Paul Vacca

Un prix littéraire européen né à 3 466 m d’altitude…

Paul Vacca Romancier, essayiste et consultant

Le prix européen Grand Continent 2022 a été remporté par La Bajamar”, deuxième roman de l’Espagnole Aroa Moreno Durán.

Le 18 décembre 2022, à 3.466 m d’altitude, au coeur du massif du Mont-Blanc, un nouveau prix littéraire a été remis. Lancé par la revue européenne Grand Continent, le prix 3466 a pour ambition de “provoquer la rencontre d’un grand récit européen avec son public”. En finançant – grâce à une dotation valorisée à 100.000 euros – ses traductions dans les différents pays d’Europe et en accompagnant la promotion du livre dans les cinq aires linguistiques du prix (allemand, espagnol, français, italien et polonais). Et contribuer ainsi à ce que le livre élu rayonne de Palerme à Berlin, de Cracovie à Séville en passant par Bruxelles, Vienne, Paris depuis Courmayeur, commune alpine du Val d’Aoste où le prix a été remis.

Mais comment détecter le grand livre européen en devenir? Comment faire émerger les nouvelles grandes voix littéraires européennes, les Milan Kundera, Italo Calvino, Olga Tokarczuk, Günter Grass ou Annie Ernaux d’aujourd’hui? D’abord sortir ses antennes: capter les signaux faibles du livre fort. Un travail de sonde mené par les équipes de Grand Continent présentes dans les différents pays européens et qui repèrent les talents littéraires émergents.

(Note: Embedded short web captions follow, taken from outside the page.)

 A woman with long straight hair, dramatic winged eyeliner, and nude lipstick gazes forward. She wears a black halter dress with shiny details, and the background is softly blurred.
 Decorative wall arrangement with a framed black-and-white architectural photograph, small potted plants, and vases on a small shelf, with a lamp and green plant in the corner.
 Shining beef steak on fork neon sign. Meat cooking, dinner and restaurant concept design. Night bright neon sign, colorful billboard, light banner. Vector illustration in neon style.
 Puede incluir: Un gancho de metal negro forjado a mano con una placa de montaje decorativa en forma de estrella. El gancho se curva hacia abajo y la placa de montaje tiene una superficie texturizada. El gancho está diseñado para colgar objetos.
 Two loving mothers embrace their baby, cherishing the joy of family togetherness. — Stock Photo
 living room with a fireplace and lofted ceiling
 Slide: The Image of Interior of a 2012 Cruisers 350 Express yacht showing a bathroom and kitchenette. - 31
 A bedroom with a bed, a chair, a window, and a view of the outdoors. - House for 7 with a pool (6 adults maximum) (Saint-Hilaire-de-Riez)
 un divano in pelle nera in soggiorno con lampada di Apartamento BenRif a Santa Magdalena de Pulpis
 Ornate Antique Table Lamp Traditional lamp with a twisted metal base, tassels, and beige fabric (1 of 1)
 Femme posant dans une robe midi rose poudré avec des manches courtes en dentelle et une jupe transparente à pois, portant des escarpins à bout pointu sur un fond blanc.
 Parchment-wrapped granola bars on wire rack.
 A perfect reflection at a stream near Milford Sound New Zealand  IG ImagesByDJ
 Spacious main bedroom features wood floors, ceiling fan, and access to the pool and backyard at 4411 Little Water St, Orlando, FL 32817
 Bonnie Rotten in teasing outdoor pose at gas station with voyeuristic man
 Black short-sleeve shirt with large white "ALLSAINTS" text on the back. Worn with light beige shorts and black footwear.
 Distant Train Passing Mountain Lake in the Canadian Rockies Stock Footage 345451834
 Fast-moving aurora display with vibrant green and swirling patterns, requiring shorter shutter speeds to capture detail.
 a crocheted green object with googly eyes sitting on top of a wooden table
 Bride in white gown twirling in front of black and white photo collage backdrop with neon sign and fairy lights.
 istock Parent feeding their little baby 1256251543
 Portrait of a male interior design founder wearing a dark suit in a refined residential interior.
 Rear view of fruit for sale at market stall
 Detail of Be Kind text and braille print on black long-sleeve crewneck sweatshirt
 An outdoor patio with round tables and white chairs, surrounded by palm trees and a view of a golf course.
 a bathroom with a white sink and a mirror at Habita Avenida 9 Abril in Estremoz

Ensuite, proposer une sélection de cinq livres (un par langue) à un jury prestigieux. Composé de jurés non seulement à haute teneur littéraire mais capables aussi de penser collectivement en Européens et de créer des ponts entre les différentes langues: Nora Bossong, écrivaine allemande ; Patrick Boucheron, historien français ; Barbara Cassin, philosophe et helléniste française, membre de l’Académie française ; Galyna Dranenko, directrice du département universitaire de traduction ukrainienne ; Giuliano da Empoli, écrivain italo-suisse ; Alberto Manguel, écrivain, argentino-canadien ; Andrea Marcolongo, essayiste et helléniste italienne et Agata Tuszy?ska, écrivaine polonaise. Tous entretiennent un dialogue permanent avec les autres langages européens, incarnant par leur action la phrase d’Umberto Eco: “La langue de l’Europe, c’est la traduction”.

Le Prix Grand Continent 2022 a été remporté par La Bajamar, le deuxième roman d’ Aroa Moreno Durán, jeune auteure espagnole née à Madrid. On pourra, pour sourire, souligner l’ironie qu’il y a à couronner à haute altitude un roman dont le titre signifie “Marée basse” en français. Mais surtout, par ce choix, le jury a fait valoir ce qui à ses yeux constituait un grand récit littéraire européen.

D’abord, en distinguant la puissance évocatrice d’un ancrage culturel. La Bajamar met en scène, à travers trois générations de femmes, la question de la transmission de la mémoire et des cicatrices du passé. Comment vivre avec les ombres de Guernica ou des violences de l’ETA? Ensuite, en récompensant un livre qui capte le zeitgeist européen contemporain: cette idée d’une espérance qui semble se retirer ou s’éloigner comme la marée. Cette guerre civile, dite et non dite, qui hante la mémoire de ces femmes et qui constitue une menace toujours présente en Europe.

Et enfin, en plébiscitant, à rebours de la littérature mondialisée d’aujourd’hui, un livre qui entretient un rapport charnel à sa langue d’origine, le basque. Langue singulière et en partie intraduisible. Or, en assumant cette part a priori incommunicable, ce prix souligne cette alchimie particulière que partagent l’Europe et la littérature, et donc tout grand récit européen: la capacité à faire jaillir des différences profondes et intimes de chacun ce qui fait notre vaste horizon commun.